第160話 聖夜の動乱篇2⑧ 高次元情報生命量子結合体〜母と娘と精霊の唄・その四

 *



 事件の中心となっている秋葉原。

 そこからたった一駅しか離れていない御茶ノ水界隈。


 事件の当事者たちと深い関わりを持つイリーナも、タケルやエアリス、真希奈を心配しながら、人の流れに従って秋葉原とは逆方向へと移動していた。


 焦りを隠せない警察官から拡声器を通した声がとどろき、とにかく水道橋方面へと移動しろとの一点張りが続く。それもそのはず。ネットに溢れる秋葉原関連動画を見れば一目瞭然だった。


 あの巨大な蛇が、口から何かを吐き出し続けているのだ。

 今はまだ拡散していないようだが、人体に有害なガスかもしれない。

 人々は誰もが手元のスマホや家族と連絡を取り合いながら、警察の誘導に従い粛々と外堀通りを移動していた。


 イリーナはそんな集団から外れ、ひとり目についた公園へと入っていく。

「あら、あなた大丈夫? お父さんとお母さんは?」と先程から声をかけられ続けているためだ。


 もう傍からも誤魔化しきれないほど、背中のアウラが発する熱量はただごとではなくなっていた。真冬だというのに汗だくになったイリーナは、公園の冷たいベンチの上にアウラを横たわらせる。


 今はもう、苦しそうな様子はない。

 その寝顔は穏やかそのもので。

 でも体温だけは生物が発する熱量の限界を超えている。


「そもそもアウラちゃんは精霊だけど……でもまさか、エアリスちゃんになにかあった?」


 アウラはエアリスを守護する風の精霊なのだという。

 ふたりは密接に繋がっており、切っても切り離せない一心同体の間柄らしい。


 とにかく。

 人間ではないアウラを医者に見せるわけにもいかず、かと言って人混みの中にあっては目立つとして、イリーナはこんな人気のない夜の公園に足を運んだのだった。


「でも、なんだろうコレ……危険な状態っていうよりなにか……」


 アウラの寝顔を見つめていると、知らず胸の奥が高揚していく。

 なにかこれからすごいことが起こるような……。


 だがそれと同時にそれが起こってしまったら、もう二度とアウラとは会えなくなるような――そんな不安も感じる。


「ダメだよ、ひとりでどっか行っちゃ嫌だからね、アウラちゃん」


 つぶやく。

 イリーナが声をそっとかけた途端――光が爆発した。


「な、何っ――!?」


 強い光量を放ちながらも決して目を焼くことのない光。

 風の精霊が発する深緑の輝きが無人の公園を照らしあげる。


 光の中、アウラのが小さな身体ががふわりと浮かび上がった。

 まるで綿毛が風に飛び立つような軽やかさ。

 薄っすらと目を開けたアウラは首を巡らせ、イリーナを見下ろす。


「アウラちゃん!」


 堪らずイリーナは叫んでいた。

 アウラは空中でクルリと反転。

 振り返りながらニコッと微笑むと、やがて光の粒子になって解けて消えた。


「…………アウラちゃん」


 静寂が戻ってくる。

 イリーナは再び秋葉原の方角を見上げ、そして確信する。

 何かが始まり、何かが終わる。

 その時は近い――と。



 *



(ちくしょう。

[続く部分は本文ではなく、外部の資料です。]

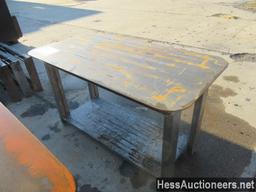 WELDING TABLE WITH SHELF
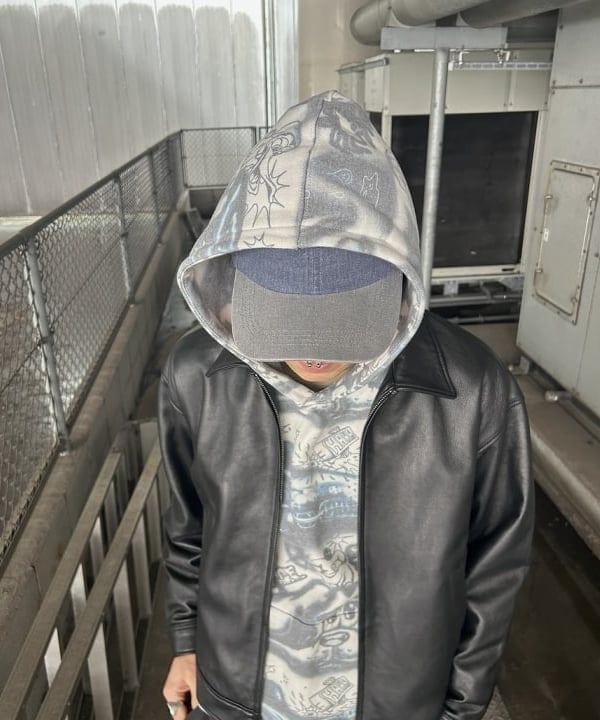 タマイユウトさんの「BEAMS WOMEN｜ワイドフィット レザー ジップブルゾン」を使ったコーディネート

あたしはノーマルだったはずなのに……)


 破壊され尽くしたコックピットの中、マリアは胸中で毒付いていた。


 全身を這い回る水精の蛇。

 それはまるで触手のようにマリアの全身を絡め取り、身動きを封じていく。

 ゆっくりと、セレスティアが騎乗するオロチが迫る。


 相も変わらずいい女だ。

 もしあたしが男だったらこんなに楽なことはない。


 全部が全部委ねてしまえばいい。

 例え死に際が搾りかすのような有様になったとしても、こんな美女の糧になるのなら本望ではないか。そんな風にさえ思えてくる。


『――教官、識別コードが途切れました! 状況を知らせてください! もし機体が損傷しているのであれば脱出を――』


 心配する工藤の声だけが、今やマリアの正気をつなぐ気付けになっていた。その声もすぐに聞こえなくなる。アクア・リキッドで満たされたヘルメットが小さな蛇たちによって剥ぎ取られたからだ。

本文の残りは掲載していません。